What is Container Query?

Turkish: Container Query

A container query lets CSS change a component's styles based on its container size instead of the browser viewport width.

What is a Container Query?

A container query makes responsive design depend on the space a component has, not only on the width of the browser window. The same product card can be wide in the main content area and narrow inside a sidebar; container queries let it use different styles in those two contexts.

How Does It Work?

First, a parent element is marked with container-type. Then styles are written inside an @container rule using conditions such as width, height, or inline size. The component adapts to its own layout context instead of relying on global page breakpoints.

This is especially useful for reusable design system components. Cards, filters, metric widgets, and navigation blocks can be used in different CSS grid areas without duplicating component variants.

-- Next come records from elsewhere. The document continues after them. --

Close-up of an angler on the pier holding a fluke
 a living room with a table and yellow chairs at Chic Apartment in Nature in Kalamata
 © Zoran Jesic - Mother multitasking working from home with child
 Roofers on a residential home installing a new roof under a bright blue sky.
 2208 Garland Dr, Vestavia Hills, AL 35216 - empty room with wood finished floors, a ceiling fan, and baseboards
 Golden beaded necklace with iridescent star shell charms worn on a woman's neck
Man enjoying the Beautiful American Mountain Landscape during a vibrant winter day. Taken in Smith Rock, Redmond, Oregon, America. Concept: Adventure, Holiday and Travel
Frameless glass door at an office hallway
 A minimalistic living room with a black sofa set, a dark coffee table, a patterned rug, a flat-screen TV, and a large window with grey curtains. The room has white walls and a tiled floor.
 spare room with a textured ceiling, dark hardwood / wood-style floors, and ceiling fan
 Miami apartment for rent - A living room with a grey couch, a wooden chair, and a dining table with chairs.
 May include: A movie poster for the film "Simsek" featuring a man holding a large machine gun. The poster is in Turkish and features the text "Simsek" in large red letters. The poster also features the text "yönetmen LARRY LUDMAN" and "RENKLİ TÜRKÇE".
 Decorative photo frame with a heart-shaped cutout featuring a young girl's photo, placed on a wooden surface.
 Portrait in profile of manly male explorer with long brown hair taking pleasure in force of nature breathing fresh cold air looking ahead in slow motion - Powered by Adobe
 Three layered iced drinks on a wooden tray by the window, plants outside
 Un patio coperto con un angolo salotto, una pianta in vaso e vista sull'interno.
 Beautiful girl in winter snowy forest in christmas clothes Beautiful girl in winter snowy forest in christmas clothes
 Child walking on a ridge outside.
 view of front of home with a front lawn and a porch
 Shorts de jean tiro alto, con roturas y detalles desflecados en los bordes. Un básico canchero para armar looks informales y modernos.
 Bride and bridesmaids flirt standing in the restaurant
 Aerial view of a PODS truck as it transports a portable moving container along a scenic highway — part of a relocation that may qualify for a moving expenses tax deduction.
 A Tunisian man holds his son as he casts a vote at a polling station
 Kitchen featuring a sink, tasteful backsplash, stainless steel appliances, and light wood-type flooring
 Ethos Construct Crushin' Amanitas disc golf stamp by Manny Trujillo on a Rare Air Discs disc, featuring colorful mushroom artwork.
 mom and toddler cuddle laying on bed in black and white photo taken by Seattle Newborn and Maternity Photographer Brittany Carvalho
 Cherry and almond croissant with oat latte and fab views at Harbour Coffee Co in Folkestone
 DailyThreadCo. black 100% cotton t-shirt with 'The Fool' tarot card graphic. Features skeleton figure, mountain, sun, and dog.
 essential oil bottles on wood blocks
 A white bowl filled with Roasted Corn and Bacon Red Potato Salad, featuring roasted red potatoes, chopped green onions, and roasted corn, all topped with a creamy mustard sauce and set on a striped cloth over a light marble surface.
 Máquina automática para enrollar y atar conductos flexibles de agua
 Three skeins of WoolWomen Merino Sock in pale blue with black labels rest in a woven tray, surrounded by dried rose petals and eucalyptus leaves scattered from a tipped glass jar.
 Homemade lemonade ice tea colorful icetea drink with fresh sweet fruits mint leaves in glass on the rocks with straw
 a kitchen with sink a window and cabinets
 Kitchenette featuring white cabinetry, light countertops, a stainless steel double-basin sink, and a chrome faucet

Difference from Media Queries

A media query measures the browser viewport. A container query measures the box that contains the component. That makes it more precise for grid layout, sidebars, embedded widgets, and dynamic dashboard screens.

What to Watch

Container queries do not remove the need for clear layout structure. The container hierarchy should be intentional, query thresholds should match real component breakpoints, and fallback behavior should be considered if older browser support matters.

Business Use

Corporate websites, SaaS dashboards, and e-commerce interfaces often reuse the same component in many page regions. Container queries make those components more portable, reducing one-off CSS overrides and keeping design system behavior easier to maintain.